(HOW TO COMPLETE THIS TASK) Return, word for word, only the lines of the data below that lie between the line with "LAGI AMORTYZATOR ZAWIESZENIE" and the line with "Toyota Pickup Truck", those two lines included.

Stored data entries
______
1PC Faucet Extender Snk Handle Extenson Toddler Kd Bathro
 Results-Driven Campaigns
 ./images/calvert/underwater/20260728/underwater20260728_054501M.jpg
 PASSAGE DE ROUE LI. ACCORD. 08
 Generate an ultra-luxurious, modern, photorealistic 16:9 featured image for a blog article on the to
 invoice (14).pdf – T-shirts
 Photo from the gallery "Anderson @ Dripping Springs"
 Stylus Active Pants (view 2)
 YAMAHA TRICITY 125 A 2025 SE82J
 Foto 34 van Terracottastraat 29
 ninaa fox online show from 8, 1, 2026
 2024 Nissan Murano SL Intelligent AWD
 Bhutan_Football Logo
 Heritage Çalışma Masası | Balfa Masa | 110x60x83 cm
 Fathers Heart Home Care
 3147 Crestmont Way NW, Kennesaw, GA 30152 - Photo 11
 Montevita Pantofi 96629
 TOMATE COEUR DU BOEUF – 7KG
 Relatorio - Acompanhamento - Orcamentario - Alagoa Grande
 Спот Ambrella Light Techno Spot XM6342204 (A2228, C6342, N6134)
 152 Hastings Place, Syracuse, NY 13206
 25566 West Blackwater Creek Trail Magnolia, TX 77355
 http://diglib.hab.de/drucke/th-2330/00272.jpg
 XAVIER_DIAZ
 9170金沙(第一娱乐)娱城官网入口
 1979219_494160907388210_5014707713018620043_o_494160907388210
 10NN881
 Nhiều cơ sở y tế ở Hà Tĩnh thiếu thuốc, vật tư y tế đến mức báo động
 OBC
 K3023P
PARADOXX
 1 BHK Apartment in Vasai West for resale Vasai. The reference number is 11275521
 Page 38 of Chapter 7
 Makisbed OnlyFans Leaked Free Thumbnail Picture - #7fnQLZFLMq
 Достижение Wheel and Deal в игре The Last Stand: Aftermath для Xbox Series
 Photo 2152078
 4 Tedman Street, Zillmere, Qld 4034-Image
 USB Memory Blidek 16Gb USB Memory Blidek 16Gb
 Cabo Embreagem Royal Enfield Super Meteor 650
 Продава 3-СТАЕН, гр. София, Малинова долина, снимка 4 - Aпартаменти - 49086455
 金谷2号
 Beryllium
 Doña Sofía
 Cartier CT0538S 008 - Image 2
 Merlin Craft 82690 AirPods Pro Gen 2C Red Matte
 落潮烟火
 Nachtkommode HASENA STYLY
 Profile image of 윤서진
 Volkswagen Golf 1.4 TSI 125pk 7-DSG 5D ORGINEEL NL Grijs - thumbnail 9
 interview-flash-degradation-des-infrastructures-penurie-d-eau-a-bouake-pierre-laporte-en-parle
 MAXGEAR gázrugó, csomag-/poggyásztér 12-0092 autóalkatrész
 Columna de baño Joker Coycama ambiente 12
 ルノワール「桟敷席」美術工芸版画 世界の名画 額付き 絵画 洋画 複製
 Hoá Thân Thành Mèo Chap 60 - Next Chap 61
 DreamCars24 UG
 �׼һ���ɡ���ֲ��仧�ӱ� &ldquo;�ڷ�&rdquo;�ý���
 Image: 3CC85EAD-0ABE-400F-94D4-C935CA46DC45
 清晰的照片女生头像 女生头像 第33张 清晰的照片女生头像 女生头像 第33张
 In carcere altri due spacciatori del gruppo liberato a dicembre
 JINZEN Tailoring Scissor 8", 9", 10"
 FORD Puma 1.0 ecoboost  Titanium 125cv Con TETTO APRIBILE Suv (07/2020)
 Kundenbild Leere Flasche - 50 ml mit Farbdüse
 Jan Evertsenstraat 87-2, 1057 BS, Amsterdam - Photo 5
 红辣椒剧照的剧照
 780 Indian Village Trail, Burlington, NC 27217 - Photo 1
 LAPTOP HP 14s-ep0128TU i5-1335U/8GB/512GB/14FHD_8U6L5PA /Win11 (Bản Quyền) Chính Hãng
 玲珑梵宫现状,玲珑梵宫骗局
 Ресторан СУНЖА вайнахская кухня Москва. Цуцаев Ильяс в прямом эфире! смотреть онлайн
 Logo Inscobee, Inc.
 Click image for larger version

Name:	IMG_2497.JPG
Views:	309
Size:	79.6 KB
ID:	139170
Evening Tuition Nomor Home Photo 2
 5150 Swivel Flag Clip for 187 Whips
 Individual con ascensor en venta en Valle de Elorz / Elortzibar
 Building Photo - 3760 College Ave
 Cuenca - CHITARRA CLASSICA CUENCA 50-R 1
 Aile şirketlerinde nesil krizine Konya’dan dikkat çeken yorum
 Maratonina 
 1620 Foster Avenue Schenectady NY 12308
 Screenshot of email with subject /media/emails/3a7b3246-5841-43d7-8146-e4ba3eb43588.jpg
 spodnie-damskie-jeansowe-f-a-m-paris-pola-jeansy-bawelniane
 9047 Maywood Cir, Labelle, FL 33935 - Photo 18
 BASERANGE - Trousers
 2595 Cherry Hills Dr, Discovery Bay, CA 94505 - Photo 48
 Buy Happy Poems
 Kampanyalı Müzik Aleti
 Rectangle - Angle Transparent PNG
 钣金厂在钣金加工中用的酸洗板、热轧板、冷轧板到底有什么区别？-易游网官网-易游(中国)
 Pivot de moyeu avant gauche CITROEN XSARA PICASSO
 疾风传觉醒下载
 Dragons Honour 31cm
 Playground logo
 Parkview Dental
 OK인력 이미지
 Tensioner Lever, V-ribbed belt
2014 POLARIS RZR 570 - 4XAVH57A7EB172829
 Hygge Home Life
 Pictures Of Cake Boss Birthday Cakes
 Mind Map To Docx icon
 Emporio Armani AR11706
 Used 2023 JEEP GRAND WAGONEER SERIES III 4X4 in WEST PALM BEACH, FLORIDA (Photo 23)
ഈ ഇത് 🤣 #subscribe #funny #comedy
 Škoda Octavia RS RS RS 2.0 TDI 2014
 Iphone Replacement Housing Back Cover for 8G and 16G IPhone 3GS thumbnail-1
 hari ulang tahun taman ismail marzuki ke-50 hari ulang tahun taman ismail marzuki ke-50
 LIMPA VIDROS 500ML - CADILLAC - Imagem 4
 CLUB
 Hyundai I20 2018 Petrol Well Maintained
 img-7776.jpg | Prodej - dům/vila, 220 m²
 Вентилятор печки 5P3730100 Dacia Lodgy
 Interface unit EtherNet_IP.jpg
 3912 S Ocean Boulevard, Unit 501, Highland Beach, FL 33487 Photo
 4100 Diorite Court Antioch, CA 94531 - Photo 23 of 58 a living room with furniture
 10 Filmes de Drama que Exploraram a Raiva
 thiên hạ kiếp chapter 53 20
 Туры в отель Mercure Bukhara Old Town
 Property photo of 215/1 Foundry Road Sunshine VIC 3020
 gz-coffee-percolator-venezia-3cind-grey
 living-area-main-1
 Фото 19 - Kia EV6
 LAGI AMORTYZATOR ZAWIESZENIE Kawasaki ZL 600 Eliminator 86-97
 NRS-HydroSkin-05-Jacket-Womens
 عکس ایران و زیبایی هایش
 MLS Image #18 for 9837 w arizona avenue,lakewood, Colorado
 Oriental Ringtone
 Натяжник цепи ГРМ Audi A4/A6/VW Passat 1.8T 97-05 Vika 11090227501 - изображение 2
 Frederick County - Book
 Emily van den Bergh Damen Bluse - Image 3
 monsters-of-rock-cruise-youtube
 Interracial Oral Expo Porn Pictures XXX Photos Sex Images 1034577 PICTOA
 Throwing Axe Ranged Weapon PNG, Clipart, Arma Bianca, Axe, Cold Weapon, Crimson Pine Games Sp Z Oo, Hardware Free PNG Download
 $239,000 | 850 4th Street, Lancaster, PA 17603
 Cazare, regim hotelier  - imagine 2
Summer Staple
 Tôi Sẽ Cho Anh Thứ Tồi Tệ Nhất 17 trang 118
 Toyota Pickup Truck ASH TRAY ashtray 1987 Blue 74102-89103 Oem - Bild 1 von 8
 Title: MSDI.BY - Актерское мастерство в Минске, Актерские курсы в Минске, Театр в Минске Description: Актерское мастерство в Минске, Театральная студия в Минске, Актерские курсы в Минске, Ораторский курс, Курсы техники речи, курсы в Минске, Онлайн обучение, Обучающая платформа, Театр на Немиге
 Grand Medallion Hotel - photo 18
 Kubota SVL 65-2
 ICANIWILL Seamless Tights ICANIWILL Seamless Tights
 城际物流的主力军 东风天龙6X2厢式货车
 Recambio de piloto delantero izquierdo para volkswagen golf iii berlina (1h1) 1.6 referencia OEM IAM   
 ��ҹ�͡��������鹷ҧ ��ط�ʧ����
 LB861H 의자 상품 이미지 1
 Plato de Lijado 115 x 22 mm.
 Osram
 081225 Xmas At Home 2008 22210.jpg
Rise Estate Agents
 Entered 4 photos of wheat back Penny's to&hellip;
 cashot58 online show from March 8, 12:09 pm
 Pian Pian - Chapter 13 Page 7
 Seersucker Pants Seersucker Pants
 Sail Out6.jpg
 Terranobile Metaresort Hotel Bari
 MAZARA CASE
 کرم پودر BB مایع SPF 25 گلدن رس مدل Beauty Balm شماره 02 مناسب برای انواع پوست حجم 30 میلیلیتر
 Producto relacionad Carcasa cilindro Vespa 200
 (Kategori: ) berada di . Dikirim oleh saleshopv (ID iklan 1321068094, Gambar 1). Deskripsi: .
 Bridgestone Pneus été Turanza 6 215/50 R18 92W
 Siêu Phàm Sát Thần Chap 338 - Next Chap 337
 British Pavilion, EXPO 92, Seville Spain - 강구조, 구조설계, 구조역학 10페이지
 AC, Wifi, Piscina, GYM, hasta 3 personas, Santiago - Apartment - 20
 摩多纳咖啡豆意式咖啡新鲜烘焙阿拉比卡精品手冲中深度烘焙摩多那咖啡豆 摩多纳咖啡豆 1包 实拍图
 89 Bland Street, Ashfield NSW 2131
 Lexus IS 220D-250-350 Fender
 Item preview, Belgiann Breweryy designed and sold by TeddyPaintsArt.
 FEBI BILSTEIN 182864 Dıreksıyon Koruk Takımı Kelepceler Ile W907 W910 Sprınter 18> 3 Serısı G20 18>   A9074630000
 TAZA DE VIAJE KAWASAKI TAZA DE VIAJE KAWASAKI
______
(TASK RESULT)
 LAGI AMORTYZATOR ZAWIESZENIE Kawasaki ZL 600 Eliminator 86-97
 NRS-HydroSkin-05-Jacket-Womens
 عکس ایران و زیبایی هایش
 MLS Image #18 for 9837 w arizona avenue,lakewood, Colorado
 Oriental Ringtone
 Натяжник цепи ГРМ Audi A4/A6/VW Passat 1.8T 97-05 Vika 11090227501 - изображение 2
 Frederick County - Book
 Emily van den Bergh Damen Bluse - Image 3
 monsters-of-rock-cruise-youtube
 Interracial Oral Expo Porn Pictures XXX Photos Sex Images 1034577 PICTOA
 Throwing Axe Ranged Weapon PNG, Clipart, Arma Bianca, Axe, Cold Weapon, Crimson Pine Games Sp Z Oo, Hardware Free PNG Download
 $239,000 | 850 4th Street, Lancaster, PA 17603
 Cazare, regim hotelier  - imagine 2
Summer Staple
 Tôi Sẽ Cho Anh Thứ Tồi Tệ Nhất 17 trang 118
 Toyota Pickup Truck ASH TRAY ashtray 1987 Blue 74102-89103 Oem - Bild 1 von 8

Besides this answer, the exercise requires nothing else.